Does CarMax sell dangerous cars to consumers?
Consumer Action joined 10 organizations in asking the Federal Trade Commission (FTC) to investigate auto retail giant, CarMax over claims that its advertisements are deceptive because CarMax does not fix used vehicles under recall before it sells them. CarMax, the nation’s largest used-car retailer, runs ads promising that the vehicles it sells have undergone rigorous quality inspections.

“Choking” banks that don’t respond to the threat of consumer fraud
The Department of Justice (DoJ) responds to the proliferation of financial fraud by cutting off access to banks and payment processing companies that enable wrongdoers to debit victims' bank accounts and move money around. Its Operation Choke Point helps eliminate unlawful activity like senior fraud, payday loan fraud, bogus debt relief services and other mass-marketing fraud schemes that cause tens of billions of dollars of losses each year from millions of individuals and businesses. Consumer Action joins coalition advocates in urging the Senate to support the DoJ's Operation Choke Point and other efforts that protect consumers and taxpayers from fraud.

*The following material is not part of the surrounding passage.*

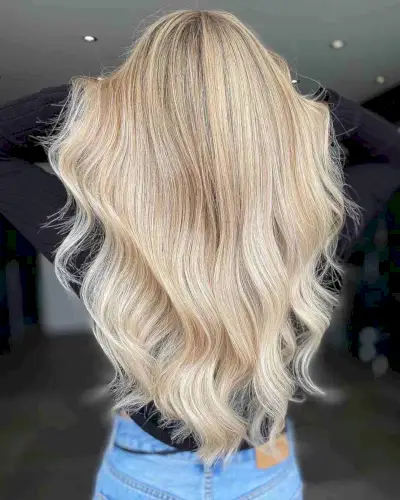 Very Light Sandy Blonde Tone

Advocates ask for auto insurance affordability study
Consumer Action joined over 30 organizations from around the country in urging the U.S. Treasury Department’s Federal Insurance Office (FIO) to collect data from insurance companies in order to assess the affordability of auto insurance for low- and moderate-income Americans and those living in historically underserved communities. Advocates want to know what discounts, if any, are extended these customers and who qualifies for the programs.

Protect students and taxpayers from being ripped off
According to the Department of Education (DoE), an astonishing 72 percent of the for-profit college programs subject to the regulation produced graduates who on average earned less than high school dropouts. Of all the federal financial aid recipients enrolled at the lowest performing programs, 98% are at for-profit colleges. The taxpayer abuse and funding of worthless credentials needs to end! Consumer Action and coalition advocates urge the DoE and Congress to strengthen the federal gainful employment law, which requires career education programs — at public, nonprofit, and for-profit colleges — to prepare students for career in a recognized occupation.

In support of the CFPB: standing up in favor of more transparent banking
In response to the 11 proposals and bills that were designed to harass and undermine the authority of the Consumer Protection Bureau (CFPB), coalition advocates urged Congress to stop obstructing reasonable regulation that serves to protect consumers and the financial industry from another financial crisis. While the bills before the committee are an attempt to portray the CFPB as a too-powerful agency that threatens consumer freedom and privacy, it is clear that the CFPB is getting results for consumers and making markets work better.

Privatizing tax collection wastes taxpayer money, and that’s not the only problem
Coalition advocates oppose language in the EXPIRE Act of 2014 that requires the use of private collection companies to collect taxes on a commission basis. The use of private debt collectors harms taxpayers by exposing them to potential abuses that are unfortunately common within the student loan industry. It will also disproportionately impact low-income taxpayers. Paying private collectors is a waste of taxpayer dollars, lining the pockets of private companies at the expense of the U.S. Treasury.

Strengthening mortgage reform protections
Consumer Action joined coalition advocates in supporting Sen. Brown's amendment to the Housing Finance bill (Johnson-Crapo) that would require servicers to disclose any new fees, the loan's default status and whether a loan modification application has been submitted prior to transferring servicing duties to a new mortgage servicer.